S23, determining a detection result corresponding to the operation step according to the operation information and the detection information corresponding to the operation step, wherein the detection result is used for indicating that the operation step of the first object is correct or incorrect.

For any one of at least one operation step in a preset flow, firstly, operation information and corresponding detection information corresponding to the operation step are obtained. The operation information is defined in a preset flow and indicates what operation needs to be performed by the first object. The detection information is acquired by collecting the operation steps actually executed by the first object.

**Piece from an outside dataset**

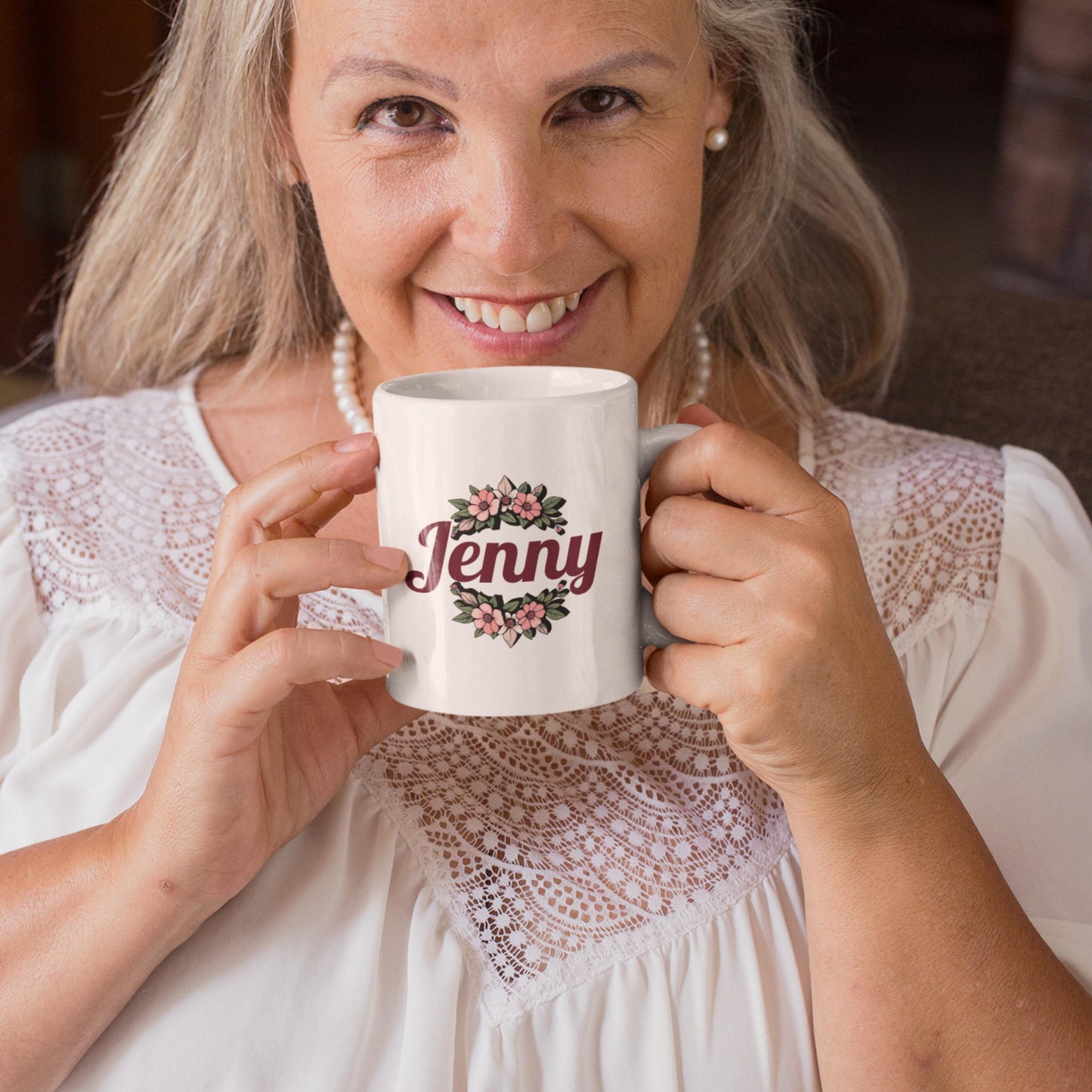 Personalized Monogram Ceramic Mug for Her from Lewey's Merch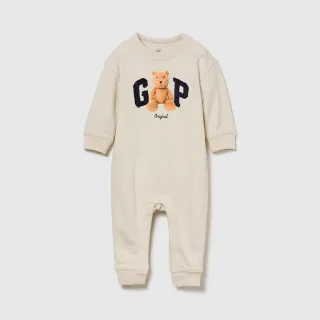 【GAP】嬰兒裝 小熊刺繡印花圓領長袖包屁衣/連身衣-米色(846848)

After the detection information is acquired, the detection result of the first object in the operation step can be judged according to the detection information and the operation information, and whether the operation step of the first object is correct or incorrect can be obtained.

According to the data processing method provided by the embodiment of the application, a preset flow is firstly obtained, wherein the preset flow comprises at least one operation step and operation information corresponding to each operation step, the operation information comprises at least one of an operation object, an operation mode and operation voice, and how each operation step needs to be completed by the operation information can be known. Then, detection information corresponding to the operation steps is acquired, wherein the detection information is acquired by the sensor when the first object executes the operation steps, and according to the operation information corresponding to the operation steps and the corresponding detection information, a detection result corresponding to the operation steps can be determined, so that whether the operation steps of the first object are correct or incorrect is acquired. According to the scheme provided by the embodiment of the application, the working process of the first object is not required to be supervised manually, the operation steps of the first object are acquired through the sensor and compared with the corresponding operation information, so that the detection result of the operation steps of the first object is obtained, a large amount of human resources are not required to be consumed, and the efficiency is high.

The following will describe the embodiments of the present application in detail with reference to the accompanying drawings.

Fig. 3 is a schematic view of an application scenario provided in an embodiment of the present application, as shown in fig. 3, including a first object 31, a head-mounted device 32 and a host device 33 disposed on the head of the first object 31.

When the first object 31 is operating, the head-mounted device 32 may acquire detection information corresponding to when the first object performs each operation step, and transmit the detection information to the host device 33. The host device 33 determines whether the operation steps performed by the first object 31 are correct based on the detection information.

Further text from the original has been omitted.